_Excerpts from a dataset_:
++++

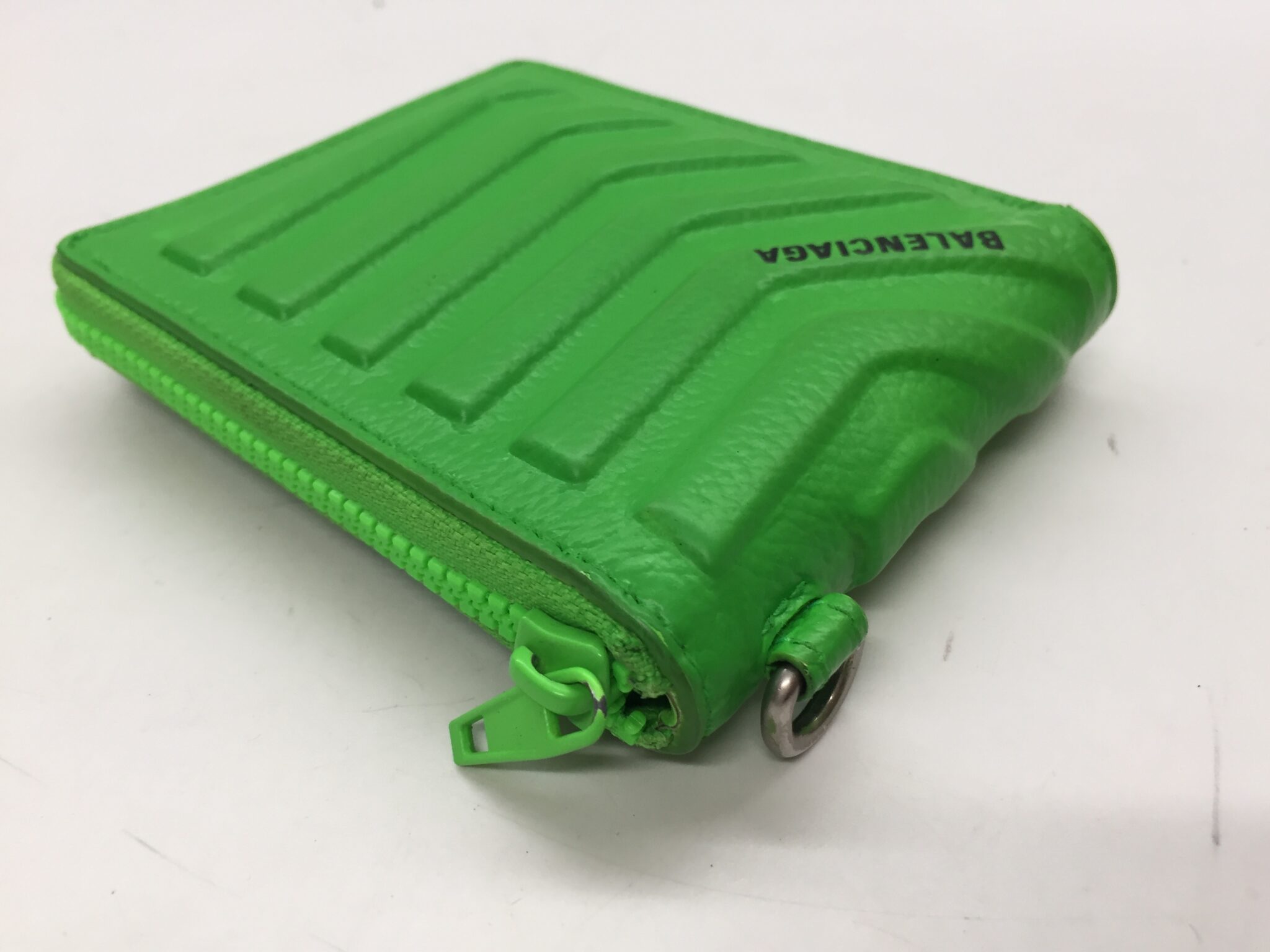 25-47 バレンシアガ(BALENCIAGA)財布 色補正アフター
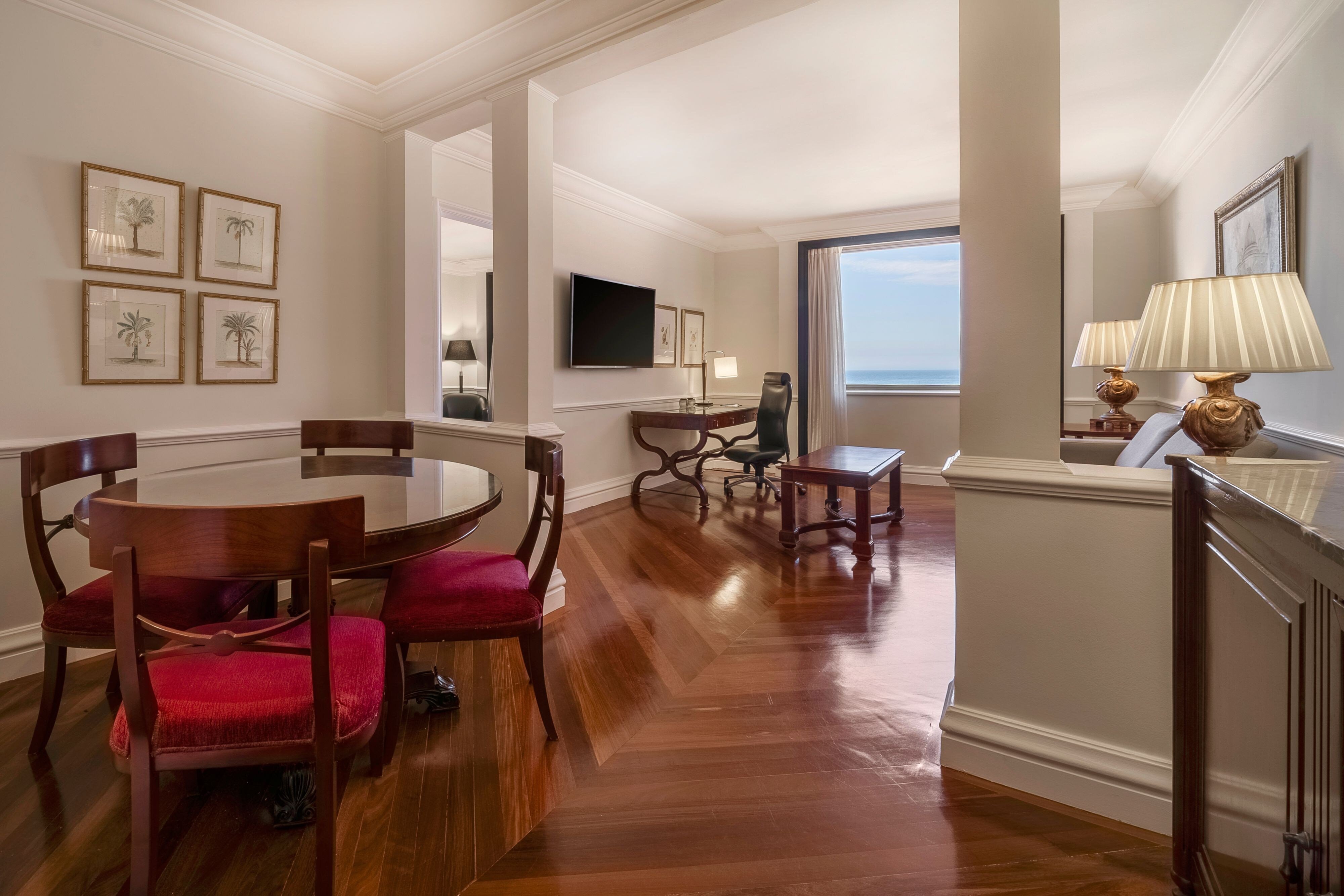 海景特大床套房 - 带梳化床 - 可前往行政酒廊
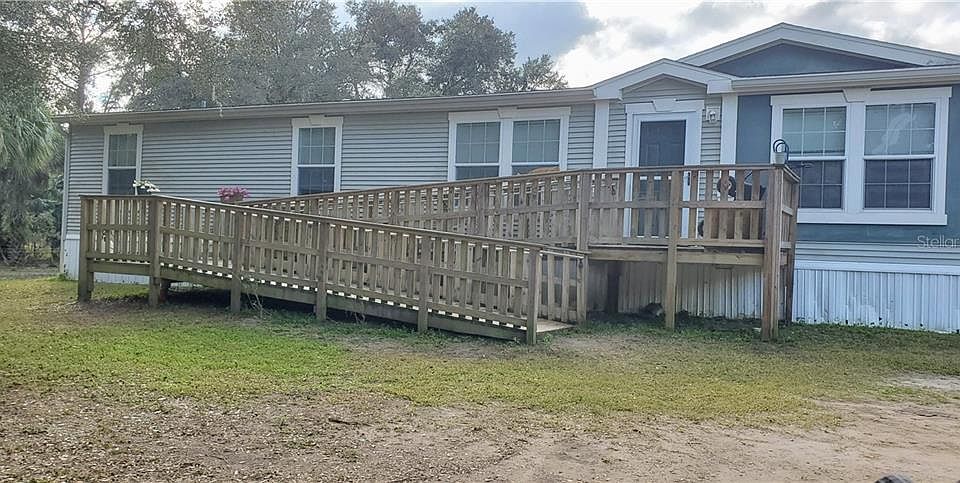 1st image of 420 River Oaks Dr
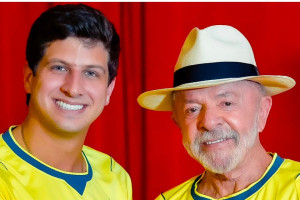 Jo&atilde;o Campos e Lula ap&oacute;s o jogo da Sele&ccedil;&atilde;o Brasileira contra a Esc&oacute;cia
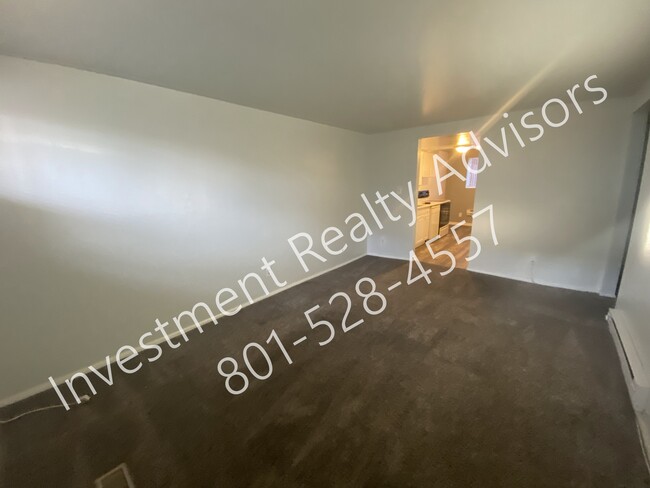 Building Photo - Two-Bedroom Apartment Near Liberty Park!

++++

_WORK REQUEST_:
Exactly as written, reproduce all of the entries while dropping the pictures.

_ANSWER BELOW_:
 25-47 バレンシアガ(BALENCIAGA)財布 色補正アフター
 海景特大床套房 - 带梳化床 - 可前往行政酒廊
 1st image of 420 River Oaks Dr
 Jo&atilde;o Campos e Lula ap&oacute;s o jogo da Sele&ccedil;&atilde;o Brasileira contra a Esc&oacute;cia
 Building Photo - Two-Bedroom Apartment Near Liberty Park!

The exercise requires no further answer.